Junior Alicia Ballor said she read Ottie and the Star, which she said the students enjoyed. Ballor said that while the students wanted to learn a little more about the book, they were very interested in what she was doing as part of the teachers’ academy.

Now that restrictions on coronaviruses have eased, students at the teachers’ academy can now visit classrooms at other schools.
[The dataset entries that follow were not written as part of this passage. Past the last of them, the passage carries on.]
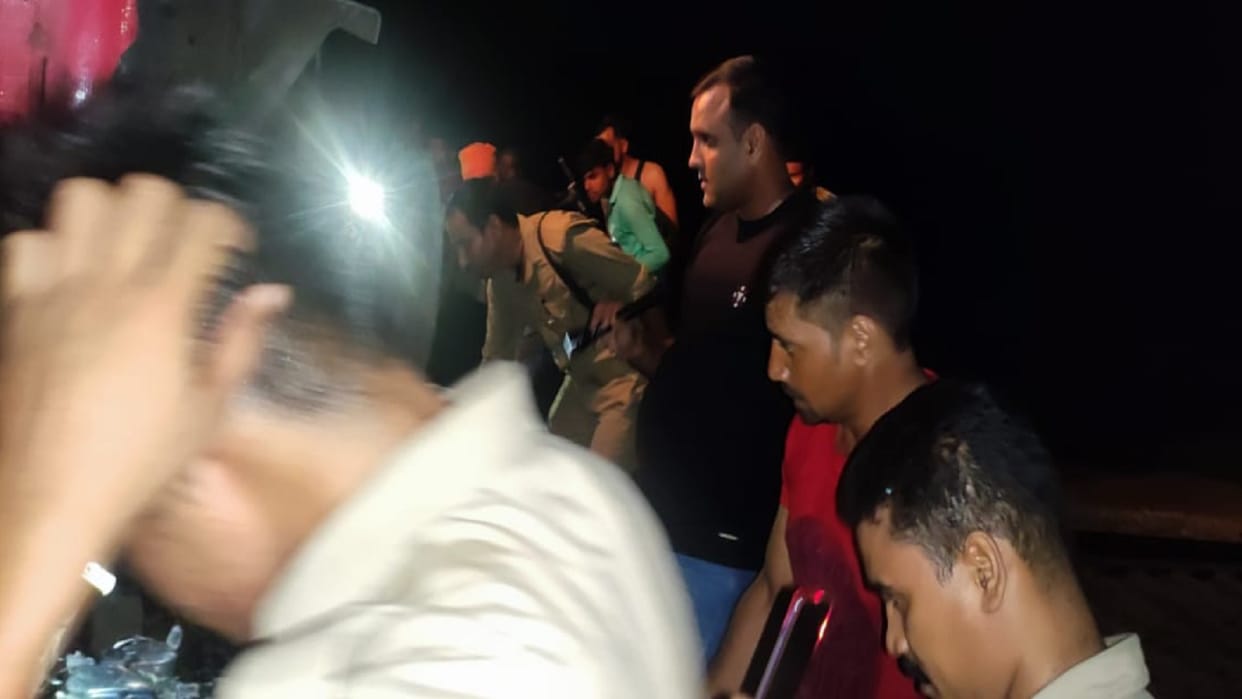 Two youth has died from train in Bijnor city
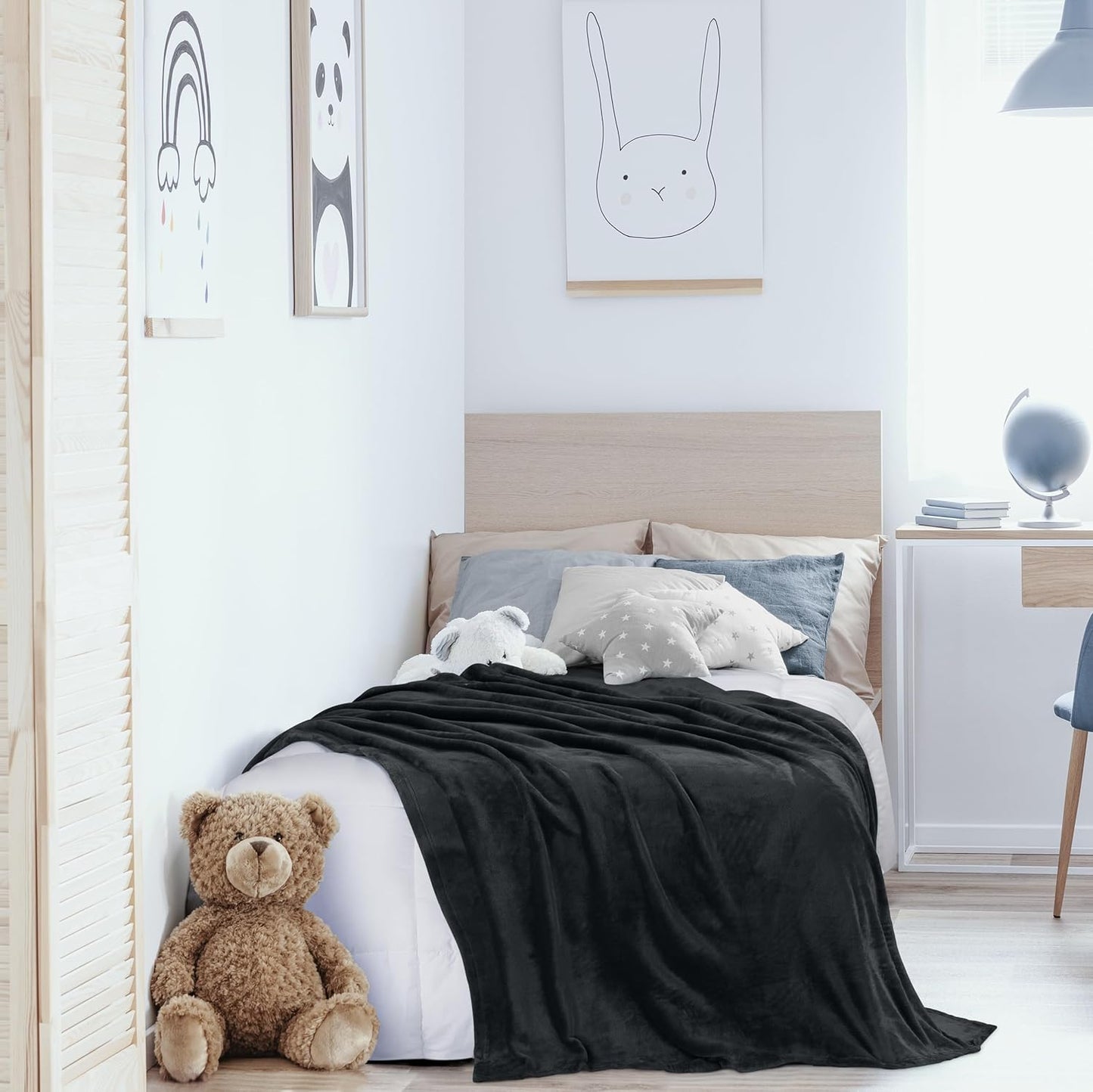 Utopia Bedding Fleece Blanket - Luxury Anti-Static Soft Microfiber | Twin XL Size, Black (90x76 Inch)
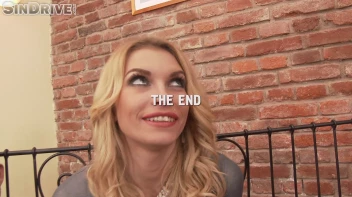 Climax Delivery Deluxe: Pizza Delivery Girl With A New Understanding For "Full Service" & "Satisfied Customers" Screencap 77 on sinx.preview.netperv.com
Bedford said the students will travel to Ella White on Thursday to visit a mentor teacher there.

Ballor thinks the class visit will be his favorite part of the year. Ballor said both of her parents are teachers and she is still deciding whether to be a teacher or pursue a career in pediatric physiotherapy.

Noah Gagnon said he wanted to become a high school or college math teacher.

“I find math very easy, so I think teaching math would be fun,” he said.

Gagnon said learning about how people learn and how to teach will stay that way the longest.

Bedford said there continues to be strong interest from students who want to take the course next year. She also said district officials are looking to make more certifications available to students in the future.

Bedford said she wants students who take the course to be inspired and consider returning to the community after college, with the hope that they will return to teach in the school district.

“It is important that these local educators return if they wish, to improve the community and bring a new perspective. really like to continue, ”she said.

The Teacher Academy was made possible by a grant of $ 66,800 from the Michigan Department of Education, which helped pay for the technology, materials, and room decor needed by the classroom.